# Ejuice?



## robvd (23/9/15)

Hi Guys

I just got myself the Kanger Subox mini about a week ago.

It came with some ejuice but I want to buy a 100ml bottle to be stocked up.

Any reviews on the eliquid project? Cowboys apple pie? 

Do you perhaps know of any ejuice that comes in 100ml that is available in CPT?

Thanks.


----------



## Andre (23/9/15)

Vapour Mountain, in Cape Town, sells juice in 100ml: http://www.vapourmountain.co.za/product-category/e-liquids/limitedoffer/

Think Berry Blaze and VM4 are their best sellers. I also love their XXX. Guava is new.

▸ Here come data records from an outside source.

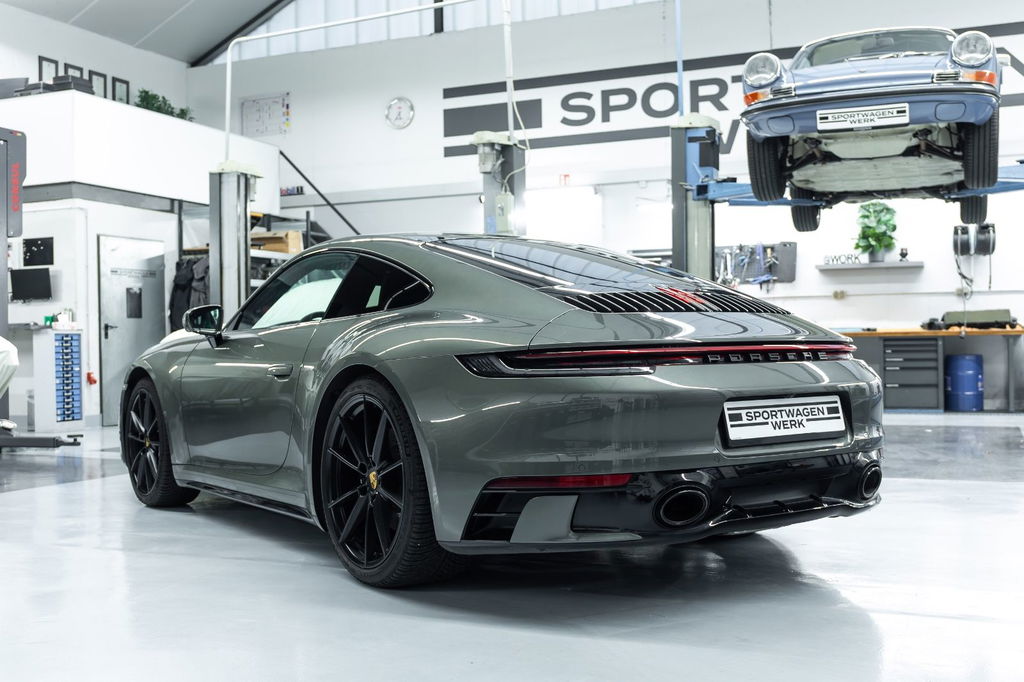 Porsche 992 Carrera 4S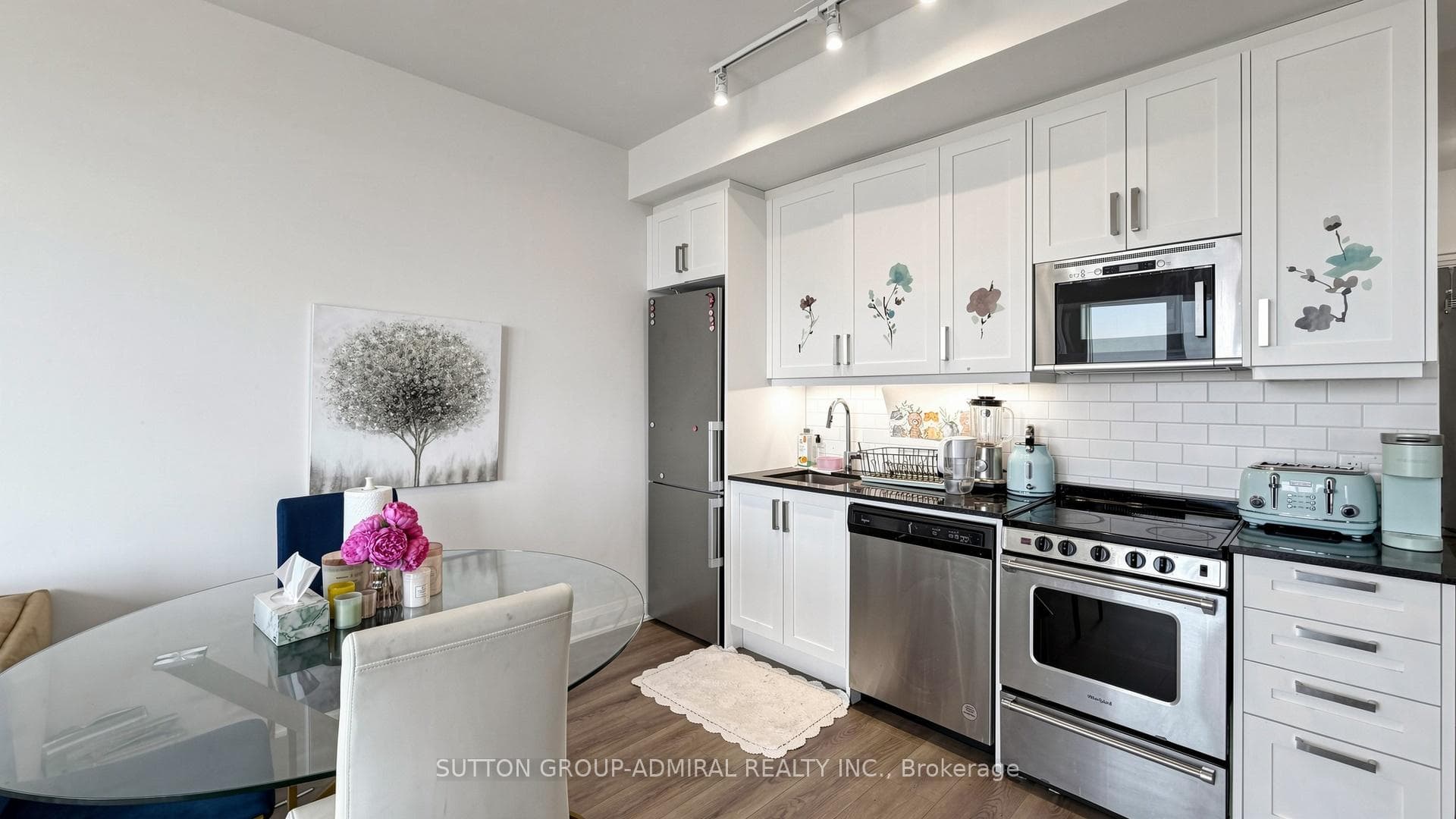 20 Gatineau Drive Unit 1708E photo 8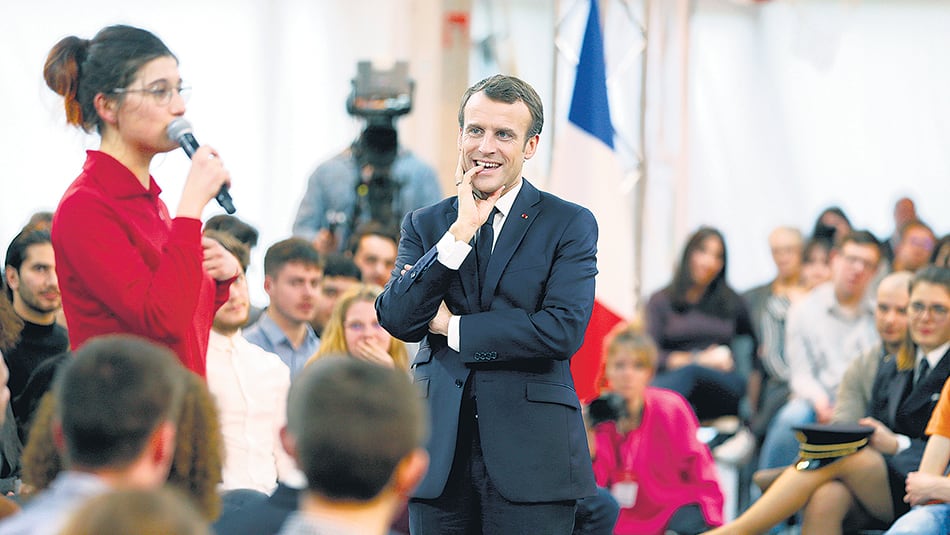 Con el “pass culture”, Emmanuel Macron cumple con una de sus promesas de campaña.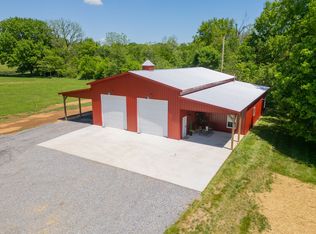 1116 Maxwell Branch Rd, Cottontown, TN 37048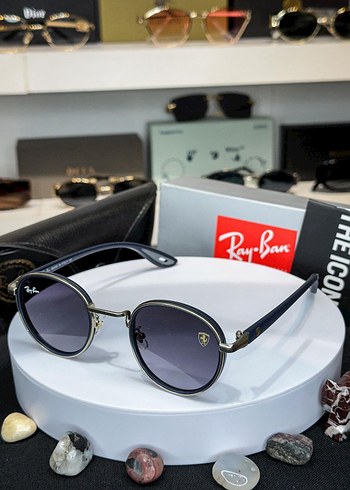 Ray Ban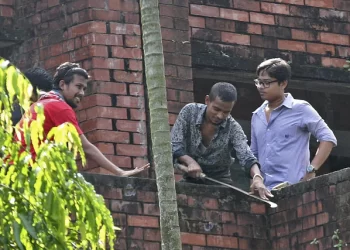 ছাত্রলীগ সন্ত্রাসীদের বহিষ্কার : একটি ভাঁওতাবাজীর নাম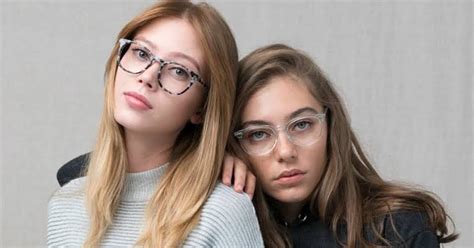 6 Tips Memilih Kacamata Sesuai Bentuk Wajah Mulai Dari Muka Oval
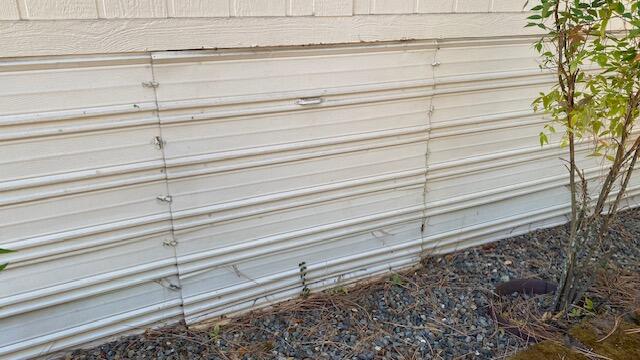 1740 Summit Loop Grants Pass, OR 97527 - Photo 24 of 39 CRAWLSPACE ACCESS. GOOD CLEARANCE
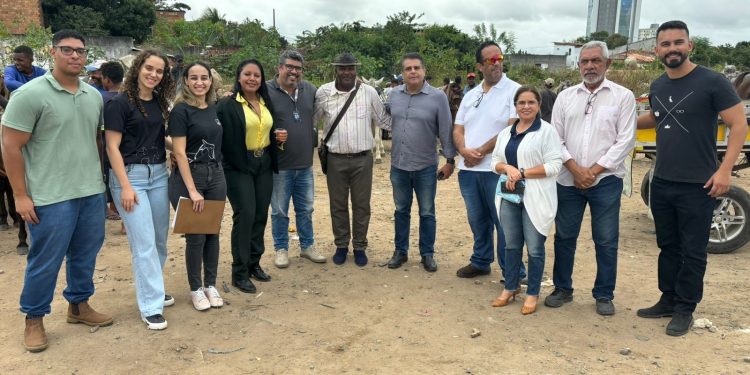 Estudantes de Medicina Veterinária da Unex participam de ação em parceria com a Prefeitura de Feira de Santana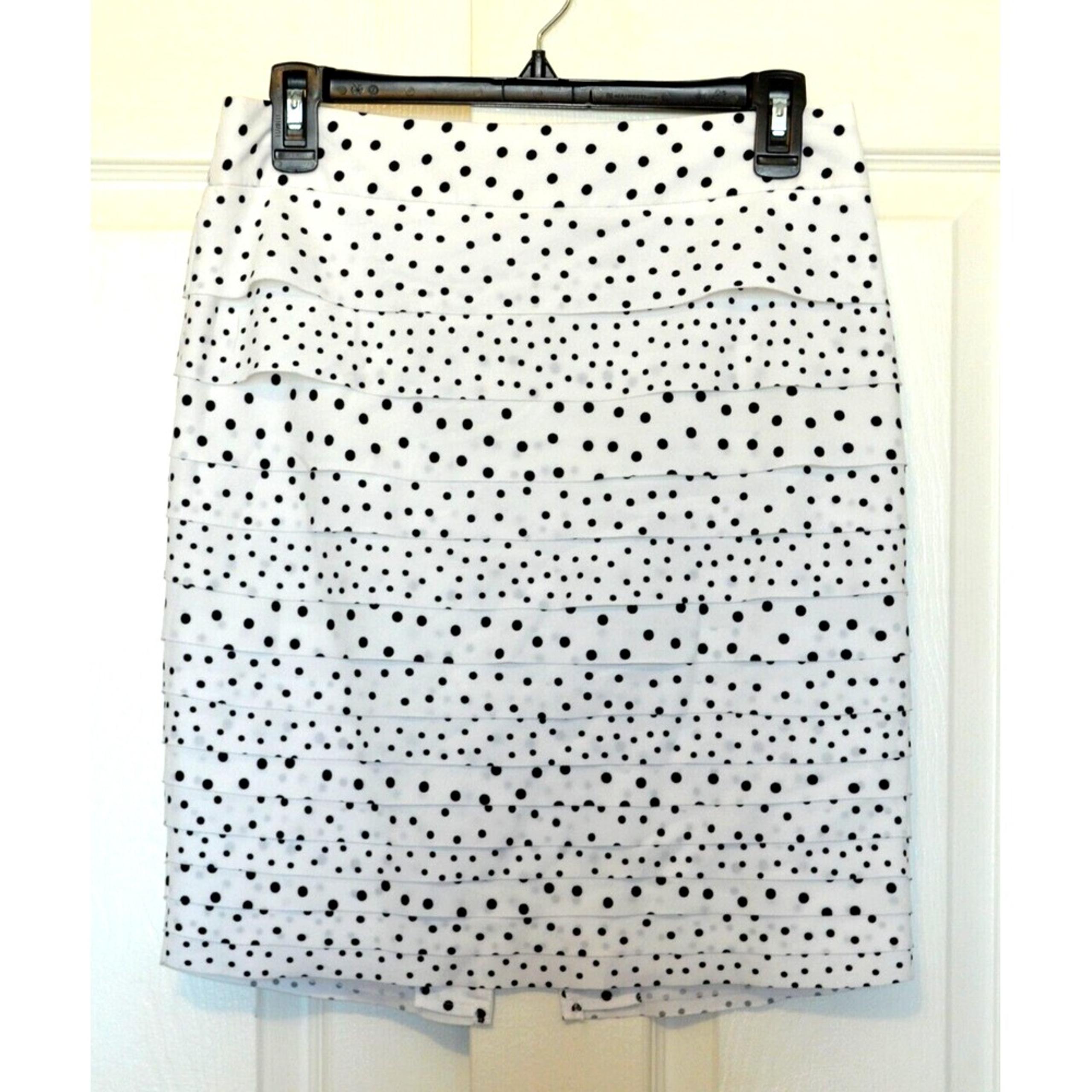 White House Black Market Tiered Skirt Womens Sz 2 White & Black Polka Dot Lined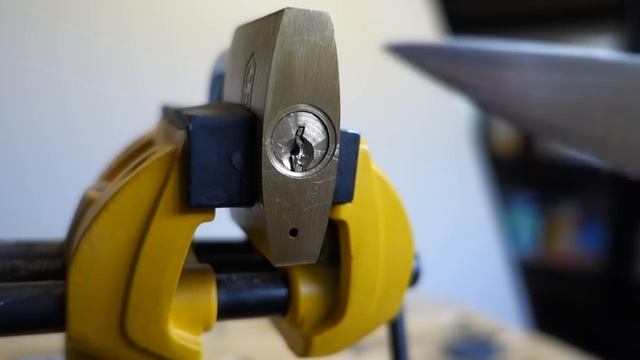 How to remove broken key from lock - DIY snapped key hacks смотреть онлайн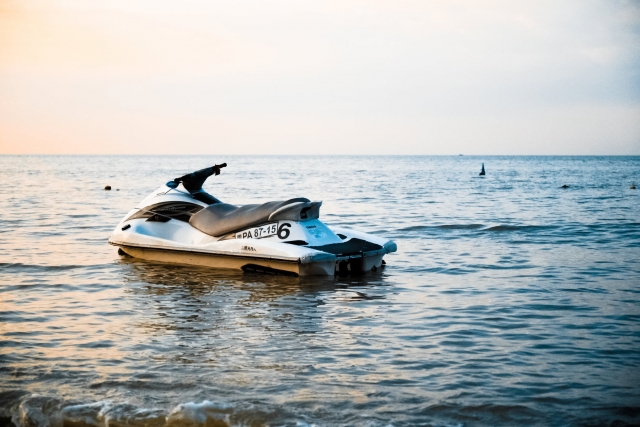 moto de agua en la orilla
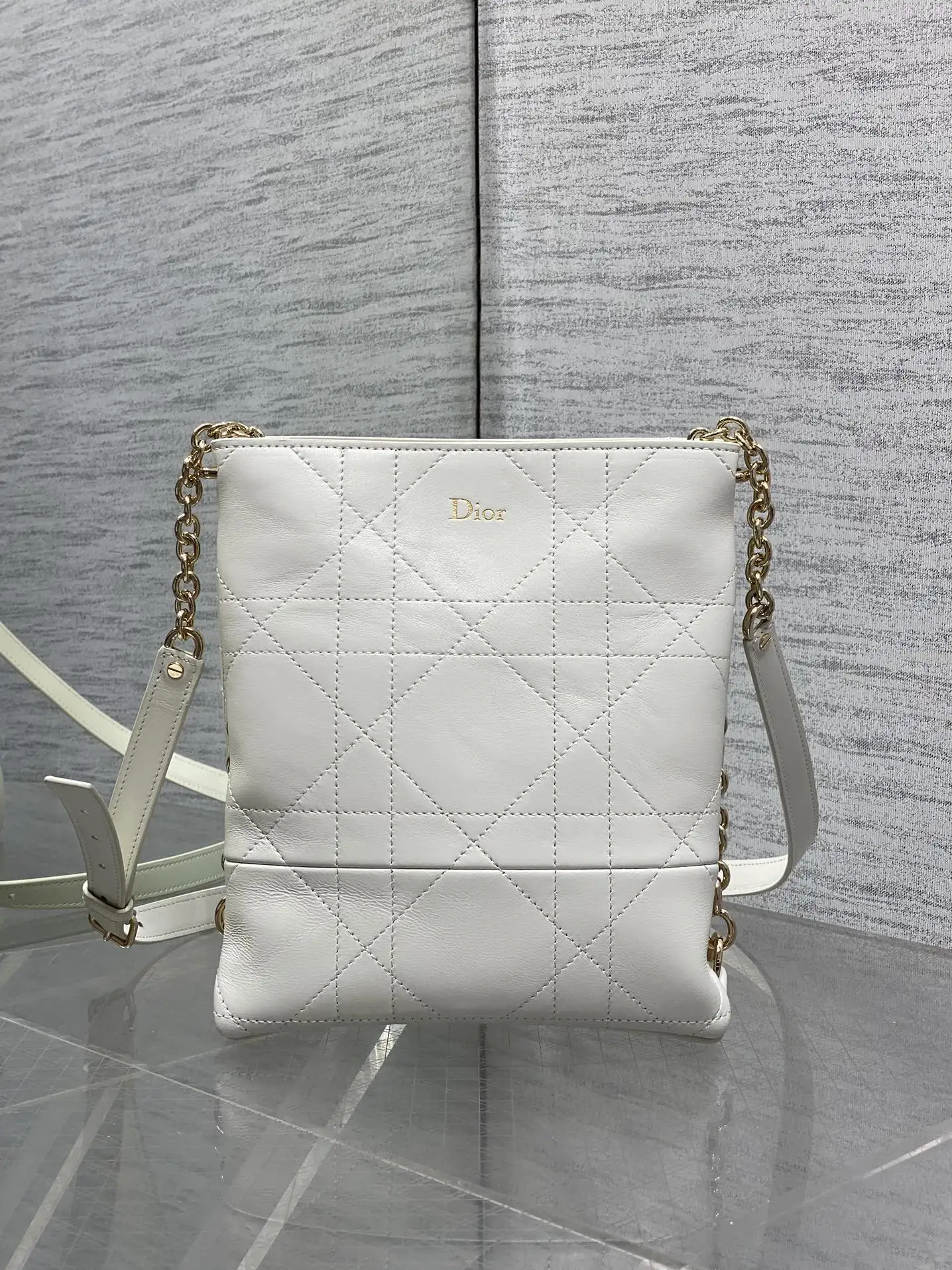 迪奥 新款格纹皮革链条包 女士斜挎包 迪奥 新款格纹皮革链条包 女士斜挎包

Have not tried the Cowboy Apple Pie, but reports on here are good. My favourite from that range is Pearing Melon Dew.

Reactions: Like 1


----------



## ChadB (23/9/15)

@robvd I've been through a bottle of cowboys apple pie and it's awesome. 
If you're into a semi-sweet vape with tobacco then this is it. I got a 12mg bottle and on the inhale a get a subtle apple pie with nuts and on the exhale I get the same but with tobacco. Not sure if everyone has the same experience as me but that's how I got it  
I would definitely recommend it.

Reactions: Like 1


----------



## robvd (23/9/15)

Andre said:


> Vapour Mountain, in Cape Town, sells juice in 100ml: http://www.vapourmountain.co.za/product-category/e-liquids/limitedoffer/
> 
> Think Berry Blaze and VM4 are their best sellers. I also love their XXX. Guava is new.
> 
> Have not tried the Cowboy Apple Pie, but reports on here are good. My favourite from that range is Pearing Melon Dew.



Thanks! any idea what the VG/PG is for vapourmountain?


----------



## Andre (23/9/15)

robvd said:


> Thanks! any idea what the VG/PG is for vapourmountain?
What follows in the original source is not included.